On 2026-06-19 between 13:27 and 13:50 UTC, the Adapty SDK API (api.adapty.io) experienced elevated latency and HTTP 504 errors for approximately 23 minutes. A surge in request volume saturated an internal coordination store that the request path depends on, causing SDK requests to queue and time out. The affected components recovered automatically as the surge subsided.

Impact

  • Duration: Approximately 23 minutes (13:27 → 13:50 UTC).
  • Surfaces affected: SDK endpoints (profile updates, attribution, receipt/purchase validation) on api.adapty.io, including the China edge. Delivery of third-party integration events (analytics and attribution destinations) was also reduced during the window.
  • Visible signal: HTTP 504 errors reached roughly half of SDK traffic at peak, with request latency well above normal.
  • Recovery: SDK clients that automatically retry recovered most requests on retry. Some third-party integration events that do not retry may be missing for this window and could require backfill — if your integration is missing data, see the note below.

Timeline (UTC)

Time Event
~13:23 An internal coordination store the request path depends on begins approaching its connection limit under rising load.
13:27 SDK API latency crosses alerting thresholds; impact begins.
13:34 HTTP 504 error rate peaks at roughly half of SDK traffic.
13:40 Reduced delivery of third-party integration events observed.
13:42–13:50 Errors clear, latency returns to normal, and integration delivery recovers.
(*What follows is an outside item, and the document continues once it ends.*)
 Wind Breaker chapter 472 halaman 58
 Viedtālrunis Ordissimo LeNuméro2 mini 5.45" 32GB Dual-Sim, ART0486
Root cause and contributing factors

Root cause: A burst in SDK request volume drove an internal coordination store to its connection limit. When that store could no longer accept new connections, dependent SDK requests stalled and timed out, which in turn put memory pressure on the affected service instances and amplified the impact until the burst subsided.

Contributing factors:

  1. The request path could open an effectively unbounded number of connections to the coordination store, so a request surge translated directly into hitting the store's connection ceiling.
  2. The coordination workload concentrated on a single store with no sharding to spread load.
  3. There was no early-warning alert on the underlying connection metric — the first signal was already a customer-facing error rate.

What went well

  • Automated monitoring detected the problem within seconds of the threshold being crossed.
  • The system recovered on its own once the surge passed, without prolonged manual intervention.
  • Built-in connection limits kept the store's behavior bounded rather than failing unpredictably.

What we will do

Prevent

  • Bound the number of connections the request path can open to the coordination store, so a traffic surge cannot exhaust it.
  • Spread coordination load across multiple stores rather than a single one.

Detect

  • Add early-warning alerts on the coordination store's connection usage and wait time, well before customer-facing thresholds are reached.

Mitigate

  • Increase memory headroom and add graceful load-shedding to the affected SDK service so a surge degrades gracefully instead of restarting instances.

We apologize for the disruption to your applications during this window. If your integration is missing data from this period, please reach out to your usual Adapty contact and reference the 2026-06-19 incident.

Posted Jun 19, 2026 - 15:21 UTC

Resolved

This incident has been resolved.
Posted Jun 19, 2026 - 13:55 UTC

Monitoring

A fix has been implemented and we are monitoring the results.
Posted Jun 19, 2026 - 13:46 UTC

Identified

We're experiencing an elevated level of API errors and are currently looking into the issue.
Posted Jun 19, 2026 - 13:30 UTC
This incident affected: API, Dashboard, and Events.